We have used datasets that are publicly available (under an agreed license), and we believe that this approach will help to further image retrieval research. The ImageCLEF test collection provides a unique contribution to publicly available test collections and complements existing evaluation resources.

However, there are still many issues to address with regard to evaluation and we have by no means been able to provide a “silver bullet” solution yet. There is still a tension between running system-centered and user-centered evaluation on a large scale for image retrieval (see, for example, Forsyth (2001)). Most image retrieval in practice is interactive and therefore this mode has to be addressed as a priority in future ImageCLEF events. We have attempted to run interactive tasks, but these events have not been well attended. This lack of participation is not just a problem with image retrieval, but is actually an issue with IR evaluation in general. 

The following are among the specific activities we intend to pursue in forthcoming events:

  • Investigate what measures best reflect the performance of a system for image retrieval. For example, are users really concerned with recall or do they only concern themselves with the first page of results?
  • Include alternative criteria for evaluating systems in the results, for example, the time taken for a system to produce results
  • Investigate further what types of searches users typically perform in the domains explored to create realistic topics
  • Consider the evaluation of browsing – a very important strategy for image retrieval
  • Continue to add to the datasets and domains tested thus far
  • Attempt to better understand relevance in image retrieval because it is not the same as for document retrieval. We want to find what factors affect image relevance judgments and assess how objective it is to judge the relevance of images.
  • Investigate the usefulness and role of test collections in image retrieval evaluation, especially with regard to users 


Only by pursuing these questions can we start to address some of the concerns expressed by researchers such as Saracevic. 

Acknowledgements
ImageCLEF is a team effort and would not run without the valuable help and support of many individuals. Among them are Henning Müller, Michael Grubinger, Thomas Deselaers, William Hersh, Allan Hanbury, Thomas Lehmann, Mark Sanderson and Carol Peters (from CLEF). We also thank all providers of data which has been used in ImageCLEF over the years. 

For Further Reading
Dunlop, M. (2000). Reflections on Mira: Interactive evaluation in information retrieval. Journal of the American Society for Information Science, 51(14), 1269-1274.
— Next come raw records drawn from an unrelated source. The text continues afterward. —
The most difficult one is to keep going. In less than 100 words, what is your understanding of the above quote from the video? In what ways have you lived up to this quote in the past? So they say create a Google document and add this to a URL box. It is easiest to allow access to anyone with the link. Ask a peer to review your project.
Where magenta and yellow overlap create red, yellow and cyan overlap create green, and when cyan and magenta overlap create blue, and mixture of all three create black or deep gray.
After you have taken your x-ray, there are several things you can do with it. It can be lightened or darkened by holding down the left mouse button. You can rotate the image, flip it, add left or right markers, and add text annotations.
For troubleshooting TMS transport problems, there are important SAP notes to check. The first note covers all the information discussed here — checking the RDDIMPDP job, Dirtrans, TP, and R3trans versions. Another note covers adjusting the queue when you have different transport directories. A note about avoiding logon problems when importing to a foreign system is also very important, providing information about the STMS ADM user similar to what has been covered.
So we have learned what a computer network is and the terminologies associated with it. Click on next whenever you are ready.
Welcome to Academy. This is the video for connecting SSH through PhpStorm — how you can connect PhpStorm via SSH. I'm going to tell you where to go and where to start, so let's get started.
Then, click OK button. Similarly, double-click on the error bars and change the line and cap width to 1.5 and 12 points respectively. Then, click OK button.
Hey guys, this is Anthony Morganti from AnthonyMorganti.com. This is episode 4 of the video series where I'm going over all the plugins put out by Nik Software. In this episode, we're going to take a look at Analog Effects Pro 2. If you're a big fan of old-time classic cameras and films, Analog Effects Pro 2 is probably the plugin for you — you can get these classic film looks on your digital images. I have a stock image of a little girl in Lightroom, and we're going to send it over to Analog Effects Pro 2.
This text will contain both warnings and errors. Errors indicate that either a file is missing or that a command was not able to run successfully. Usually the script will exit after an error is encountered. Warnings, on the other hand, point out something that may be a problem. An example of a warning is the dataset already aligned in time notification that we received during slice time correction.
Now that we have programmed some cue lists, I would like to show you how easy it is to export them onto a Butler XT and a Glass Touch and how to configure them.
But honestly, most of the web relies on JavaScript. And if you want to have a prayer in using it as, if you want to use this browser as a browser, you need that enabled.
Forsyth, D.A. (2001). Benchmarks for storage and retrieval in multimedia databases. Proceedings of SPIE International Society for Optical Engineering, 4676, 240-247.

Saracevic, T. (1995). Evaluation of evaluation in information retrieval. In E. A. Fox, P. Ingwersen, and R. Fidel (Eds.). Proceedings of the 18th Annual International ACM SIGIR Conference on Research and Development in Information Retrieval (Seattle, Washington, United States, July 09 - 13, 1995): SIGIR '95 (pp.1380146). New York, ACM Press.